- **Task to carry out**: Copying exactly, give the lines in the material below from the one with "Patients and attendants" to the one with "Comparative RNA Seq", ends included, and nothing besides.

- **Provided data**:
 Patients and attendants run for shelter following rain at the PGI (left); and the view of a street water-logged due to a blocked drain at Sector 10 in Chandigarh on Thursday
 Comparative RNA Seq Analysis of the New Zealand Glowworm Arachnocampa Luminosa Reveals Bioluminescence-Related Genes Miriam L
...
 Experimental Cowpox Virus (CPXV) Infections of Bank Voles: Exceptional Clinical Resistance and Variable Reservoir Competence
---
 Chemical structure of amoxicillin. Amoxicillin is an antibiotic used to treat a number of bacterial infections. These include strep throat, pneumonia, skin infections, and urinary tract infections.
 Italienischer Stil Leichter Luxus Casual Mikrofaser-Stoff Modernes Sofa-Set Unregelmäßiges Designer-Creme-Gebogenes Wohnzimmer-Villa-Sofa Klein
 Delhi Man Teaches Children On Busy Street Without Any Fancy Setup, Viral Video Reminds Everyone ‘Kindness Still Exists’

- **Final answer**:
 Patients and attendants run for shelter following rain at the PGI (left); and the view of a street water-logged due to a blocked drain at Sector 10 in Chandigarh on Thursday
 Comparative RNA Seq Analysis of the New Zealand Glowworm Arachnocampa Luminosa Reveals Bioluminescence-Related Genes Miriam L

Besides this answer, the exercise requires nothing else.